Extracted records
▶

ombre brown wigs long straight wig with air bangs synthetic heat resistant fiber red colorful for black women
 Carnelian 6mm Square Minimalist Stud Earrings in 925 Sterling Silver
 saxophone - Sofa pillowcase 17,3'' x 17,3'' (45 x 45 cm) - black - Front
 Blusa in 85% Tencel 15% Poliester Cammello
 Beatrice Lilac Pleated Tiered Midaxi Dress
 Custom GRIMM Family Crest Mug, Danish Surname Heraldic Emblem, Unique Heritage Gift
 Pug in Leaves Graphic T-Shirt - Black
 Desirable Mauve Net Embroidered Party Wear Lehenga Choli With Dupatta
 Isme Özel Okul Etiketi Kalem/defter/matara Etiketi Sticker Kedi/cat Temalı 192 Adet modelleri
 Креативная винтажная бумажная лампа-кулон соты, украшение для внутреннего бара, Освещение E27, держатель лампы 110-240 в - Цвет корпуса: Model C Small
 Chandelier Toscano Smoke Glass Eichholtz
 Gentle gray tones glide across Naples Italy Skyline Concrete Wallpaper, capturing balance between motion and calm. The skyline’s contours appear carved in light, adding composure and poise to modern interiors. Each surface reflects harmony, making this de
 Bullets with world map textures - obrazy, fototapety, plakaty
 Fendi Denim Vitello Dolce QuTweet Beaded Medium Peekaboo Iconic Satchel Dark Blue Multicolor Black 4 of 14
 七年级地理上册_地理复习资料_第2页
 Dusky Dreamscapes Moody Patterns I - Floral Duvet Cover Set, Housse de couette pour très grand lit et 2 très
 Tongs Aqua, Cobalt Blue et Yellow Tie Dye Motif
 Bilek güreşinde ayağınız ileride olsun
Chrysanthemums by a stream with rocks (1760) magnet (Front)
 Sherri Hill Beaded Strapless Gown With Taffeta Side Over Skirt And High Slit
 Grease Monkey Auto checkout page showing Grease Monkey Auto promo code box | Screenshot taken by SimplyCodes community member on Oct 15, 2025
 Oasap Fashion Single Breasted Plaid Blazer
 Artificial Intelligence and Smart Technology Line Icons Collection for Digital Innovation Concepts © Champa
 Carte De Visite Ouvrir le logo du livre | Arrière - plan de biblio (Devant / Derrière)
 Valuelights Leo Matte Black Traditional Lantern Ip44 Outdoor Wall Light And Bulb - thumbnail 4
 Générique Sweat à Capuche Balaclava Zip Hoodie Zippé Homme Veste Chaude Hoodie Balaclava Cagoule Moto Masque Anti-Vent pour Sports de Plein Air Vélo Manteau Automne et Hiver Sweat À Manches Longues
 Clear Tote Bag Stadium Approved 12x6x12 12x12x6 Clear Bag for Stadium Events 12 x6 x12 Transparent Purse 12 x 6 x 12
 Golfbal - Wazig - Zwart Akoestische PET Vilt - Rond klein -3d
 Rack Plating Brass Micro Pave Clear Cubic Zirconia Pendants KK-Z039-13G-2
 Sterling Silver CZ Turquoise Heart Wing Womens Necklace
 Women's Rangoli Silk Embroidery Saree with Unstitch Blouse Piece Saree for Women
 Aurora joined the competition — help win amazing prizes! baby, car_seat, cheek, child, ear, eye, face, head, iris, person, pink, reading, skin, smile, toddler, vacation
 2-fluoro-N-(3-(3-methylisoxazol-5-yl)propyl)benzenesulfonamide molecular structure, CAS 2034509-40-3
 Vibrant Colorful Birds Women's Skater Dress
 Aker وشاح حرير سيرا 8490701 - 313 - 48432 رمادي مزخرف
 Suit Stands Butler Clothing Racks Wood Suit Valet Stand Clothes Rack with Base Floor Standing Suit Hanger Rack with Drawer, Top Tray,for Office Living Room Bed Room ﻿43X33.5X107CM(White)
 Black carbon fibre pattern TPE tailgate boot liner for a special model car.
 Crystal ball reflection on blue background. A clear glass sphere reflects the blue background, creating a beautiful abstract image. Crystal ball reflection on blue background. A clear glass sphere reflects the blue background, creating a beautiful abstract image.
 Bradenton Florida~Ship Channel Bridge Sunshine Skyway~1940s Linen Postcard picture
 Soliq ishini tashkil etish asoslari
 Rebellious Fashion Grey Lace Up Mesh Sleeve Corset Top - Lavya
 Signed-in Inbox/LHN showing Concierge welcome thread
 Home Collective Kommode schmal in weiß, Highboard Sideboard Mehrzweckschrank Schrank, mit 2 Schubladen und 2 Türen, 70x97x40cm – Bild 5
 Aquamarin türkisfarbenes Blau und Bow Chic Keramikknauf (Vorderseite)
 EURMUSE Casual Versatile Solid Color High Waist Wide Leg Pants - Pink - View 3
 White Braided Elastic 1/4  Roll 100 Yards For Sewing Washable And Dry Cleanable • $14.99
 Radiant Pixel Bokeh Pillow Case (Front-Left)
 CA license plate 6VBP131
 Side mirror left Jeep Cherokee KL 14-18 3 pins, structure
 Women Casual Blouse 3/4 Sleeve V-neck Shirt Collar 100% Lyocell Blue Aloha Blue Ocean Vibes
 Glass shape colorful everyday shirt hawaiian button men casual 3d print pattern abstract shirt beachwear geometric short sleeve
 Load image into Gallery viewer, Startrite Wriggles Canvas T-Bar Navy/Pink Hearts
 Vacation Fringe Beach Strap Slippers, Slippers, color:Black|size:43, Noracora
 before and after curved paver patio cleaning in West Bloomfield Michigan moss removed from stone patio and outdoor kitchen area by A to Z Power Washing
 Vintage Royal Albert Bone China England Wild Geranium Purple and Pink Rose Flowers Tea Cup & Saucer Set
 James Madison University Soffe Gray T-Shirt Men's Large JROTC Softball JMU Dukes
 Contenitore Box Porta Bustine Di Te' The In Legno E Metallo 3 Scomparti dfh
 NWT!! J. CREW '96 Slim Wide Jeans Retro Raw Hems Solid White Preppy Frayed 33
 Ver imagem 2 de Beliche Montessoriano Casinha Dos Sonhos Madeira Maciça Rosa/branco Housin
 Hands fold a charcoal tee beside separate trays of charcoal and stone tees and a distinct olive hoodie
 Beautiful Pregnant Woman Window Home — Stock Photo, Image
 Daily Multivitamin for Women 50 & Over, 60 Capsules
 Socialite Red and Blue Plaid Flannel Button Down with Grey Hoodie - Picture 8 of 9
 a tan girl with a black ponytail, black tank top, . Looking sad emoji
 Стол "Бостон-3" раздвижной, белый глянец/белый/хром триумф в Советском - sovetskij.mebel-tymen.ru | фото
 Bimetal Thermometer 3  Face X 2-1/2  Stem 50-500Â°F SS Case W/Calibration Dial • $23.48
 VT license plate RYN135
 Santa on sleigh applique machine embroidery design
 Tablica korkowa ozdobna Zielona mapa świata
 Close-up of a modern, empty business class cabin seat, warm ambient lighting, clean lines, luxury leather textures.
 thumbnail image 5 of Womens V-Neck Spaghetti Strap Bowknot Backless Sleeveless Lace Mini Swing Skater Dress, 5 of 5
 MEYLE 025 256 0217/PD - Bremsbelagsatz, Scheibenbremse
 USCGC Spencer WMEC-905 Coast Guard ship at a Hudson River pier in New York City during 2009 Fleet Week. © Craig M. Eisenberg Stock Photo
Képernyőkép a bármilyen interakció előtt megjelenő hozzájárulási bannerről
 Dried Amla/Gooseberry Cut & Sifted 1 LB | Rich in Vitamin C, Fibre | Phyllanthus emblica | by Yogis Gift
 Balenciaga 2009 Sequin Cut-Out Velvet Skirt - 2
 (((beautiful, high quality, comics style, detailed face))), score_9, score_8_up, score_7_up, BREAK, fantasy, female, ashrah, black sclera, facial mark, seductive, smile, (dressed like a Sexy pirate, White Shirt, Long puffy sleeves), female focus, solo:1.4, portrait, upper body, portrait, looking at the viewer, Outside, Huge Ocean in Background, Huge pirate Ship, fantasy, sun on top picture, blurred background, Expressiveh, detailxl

◀

§ **WHAT YOU HAVE TO DO**
Return what is listed above, exactly and completely.

§ **RESULT BELOW**
ombre brown wigs long straight wig with air bangs synthetic heat resistant fiber red colorful for black women
 Carnelian 6mm Square Minimalist Stud Earrings in 925 Sterling Silver
 saxophone - Sofa pillowcase 17,3'' x 17,3'' (45 x 45 cm) - black - Front
 Blusa in 85% Tencel 15% Poliester Cammello
 Beatrice Lilac Pleated Tiered Midaxi Dress
 Custom GRIMM Family Crest Mug, Danish Surname Heraldic Emblem, Unique Heritage Gift
 Pug in Leaves Graphic T-Shirt - Black
 Desirable Mauve Net Embroidered Party Wear Lehenga Choli With Dupatta
 Isme Özel Okul Etiketi Kalem/defter/matara Etiketi Sticker Kedi/cat Temalı 192 Adet modelleri
 Креативная винтажная бумажная лампа-кулон соты, украшение для внутреннего бара, Освещение E27, держатель лампы 110-240 в - Цвет корпуса: Model C Small
 Chandelier Toscano Smoke Glass Eichholtz
 Gentle gray tones glide across Naples Italy Skyline Concrete Wallpaper, capturing balance between motion and calm. The skyline’s contours appear carved in light, adding composure and poise to modern interiors. Each surface reflects harmony, making this de
 Bullets with world map textures - obrazy, fototapety, plakaty
 Fendi Denim Vitello Dolce QuTweet Beaded Medium Peekaboo Iconic Satchel Dark Blue Multicolor Black 4 of 14
 七年级地理上册_地理复习资料_第2页
 Dusky Dreamscapes Moody Patterns I - Floral Duvet Cover Set, Housse de couette pour très grand lit et 2 très
 Tongs Aqua, Cobalt Blue et Yellow Tie Dye Motif
 Bilek güreşinde ayağınız ileride olsun
Chrysanthemums by a stream with rocks (1760) magnet (Front)
 Sherri Hill Beaded Strapless Gown With Taffeta Side Over Skirt And High Slit
 Grease Monkey Auto checkout page showing Grease Monkey Auto promo code box | Screenshot taken by SimplyCodes community member on Oct 15, 2025
 Oasap Fashion Single Breasted Plaid Blazer
 Artificial Intelligence and Smart Technology Line Icons Collection for Digital Innovation Concepts © Champa
 Carte De Visite Ouvrir le logo du livre | Arrière - plan de biblio (Devant / Derrière)
 Valuelights Leo Matte Black Traditional Lantern Ip44 Outdoor Wall Light And Bulb - thumbnail 4
 Générique Sweat à Capuche Balaclava Zip Hoodie Zippé Homme Veste Chaude Hoodie Balaclava Cagoule Moto Masque Anti-Vent pour Sports de Plein Air Vélo Manteau Automne et Hiver Sweat À Manches Longues
 Clear Tote Bag Stadium Approved 12x6x12 12x12x6 Clear Bag for Stadium Events 12 x6 x12 Transparent Purse 12 x 6 x 12
 Golfbal - Wazig - Zwart Akoestische PET Vilt - Rond klein -3d
 Rack Plating Brass Micro Pave Clear Cubic Zirconia Pendants KK-Z039-13G-2
 Sterling Silver CZ Turquoise Heart Wing Womens Necklace
 Women's Rangoli Silk Embroidery Saree with Unstitch Blouse Piece Saree for Women
 Aurora joined the competition — help win amazing prizes! baby, car_seat, cheek, child, ear, eye, face, head, iris, person, pink, reading, skin, smile, toddler, vacation
 2-fluoro-N-(3-(3-methylisoxazol-5-yl)propyl)benzenesulfonamide molecular structure, CAS 2034509-40-3
 Vibrant Colorful Birds Women's Skater Dress
 Aker وشاح حرير سيرا 8490701 - 313 - 48432 رمادي مزخرف
 Suit Stands Butler Clothing Racks Wood Suit Valet Stand Clothes Rack with Base Floor Standing Suit Hanger Rack with Drawer, Top Tray,for Office Living Room Bed Room ﻿43X33.5X107CM(White)
 Black carbon fibre pattern TPE tailgate boot liner for a special model car.
 Crystal ball reflection on blue background. A clear glass sphere reflects the blue background, creating a beautiful abstract image. Crystal ball reflection on blue background. A clear glass sphere reflects the blue background, creating a beautiful abstract image.
 Bradenton Florida~Ship Channel Bridge Sunshine Skyway~1940s Linen Postcard picture
 Soliq ishini tashkil etish asoslari
 Rebellious Fashion Grey Lace Up Mesh Sleeve Corset Top - Lavya
 Signed-in Inbox/LHN showing Concierge welcome thread
 Home Collective Kommode schmal in weiß, Highboard Sideboard Mehrzweckschrank Schrank, mit 2 Schubladen und 2 Türen, 70x97x40cm – Bild 5
 Aquamarin türkisfarbenes Blau und Bow Chic Keramikknauf (Vorderseite)
 EURMUSE Casual Versatile Solid Color High Waist Wide Leg Pants - Pink - View 3
 White Braided Elastic 1/4  Roll 100 Yards For Sewing Washable And Dry Cleanable • $14.99
 Radiant Pixel Bokeh Pillow Case (Front-Left)
 CA license plate 6VBP131
 Side mirror left Jeep Cherokee KL 14-18 3 pins, structure
 Women Casual Blouse 3/4 Sleeve V-neck Shirt Collar 100% Lyocell Blue Aloha Blue Ocean Vibes
 Glass shape colorful everyday shirt hawaiian button men casual 3d print pattern abstract shirt beachwear geometric short sleeve
 Load image into Gallery viewer, Startrite Wriggles Canvas T-Bar Navy/Pink Hearts
 Vacation Fringe Beach Strap Slippers, Slippers, color:Black|size:43, Noracora
 before and after curved paver patio cleaning in West Bloomfield Michigan moss removed from stone patio and outdoor kitchen area by A to Z Power Washing
 Vintage Royal Albert Bone China England Wild Geranium Purple and Pink Rose Flowers Tea Cup & Saucer Set
 James Madison University Soffe Gray T-Shirt Men's Large JROTC Softball JMU Dukes
 Contenitore Box Porta Bustine Di Te' The In Legno E Metallo 3 Scomparti dfh
 NWT!! J. CREW '96 Slim Wide Jeans Retro Raw Hems Solid White Preppy Frayed 33
 Ver imagem 2 de Beliche Montessoriano Casinha Dos Sonhos Madeira Maciça Rosa/branco Housin
 Hands fold a charcoal tee beside separate trays of charcoal and stone tees and a distinct olive hoodie
 Beautiful Pregnant Woman Window Home — Stock Photo, Image
 Daily Multivitamin for Women 50 & Over, 60 Capsules
 Socialite Red and Blue Plaid Flannel Button Down with Grey Hoodie - Picture 8 of 9
 a tan girl with a black ponytail, black tank top, . Looking sad emoji
 Стол "Бостон-3" раздвижной, белый глянец/белый/хром триумф в Советском - sovetskij.mebel-tymen.ru | фото
 Bimetal Thermometer 3  Face X 2-1/2  Stem 50-500Â°F SS Case W/Calibration Dial • $23.48
 VT license plate RYN135
 Santa on sleigh applique machine embroidery design
 Tablica korkowa ozdobna Zielona mapa świata
 Close-up of a modern, empty business class cabin seat, warm ambient lighting, clean lines, luxury leather textures.
 thumbnail image 5 of Womens V-Neck Spaghetti Strap Bowknot Backless Sleeveless Lace Mini Swing Skater Dress, 5 of 5
 MEYLE 025 256 0217/PD - Bremsbelagsatz, Scheibenbremse
 USCGC Spencer WMEC-905 Coast Guard ship at a Hudson River pier in New York City during 2009 Fleet Week. © Craig M. Eisenberg Stock Photo
Képernyőkép a bármilyen interakció előtt megjelenő hozzájárulási bannerről
 Dried Amla/Gooseberry Cut & Sifted 1 LB | Rich in Vitamin C, Fibre | Phyllanthus emblica | by Yogis Gift
 Balenciaga 2009 Sequin Cut-Out Velvet Skirt - 2
 (((beautiful, high quality, comics style, detailed face))), score_9, score_8_up, score_7_up, BREAK, fantasy, female, ashrah, black sclera, facial mark, seductive, smile, (dressed like a Sexy pirate, White Shirt, Long puffy sleeves), female focus, solo:1.4, portrait, upper body, portrait, looking at the viewer, Outside, Huge Ocean in Background, Huge pirate Ship, fantasy, sun on top picture, blurred background, Expressiveh, detailxl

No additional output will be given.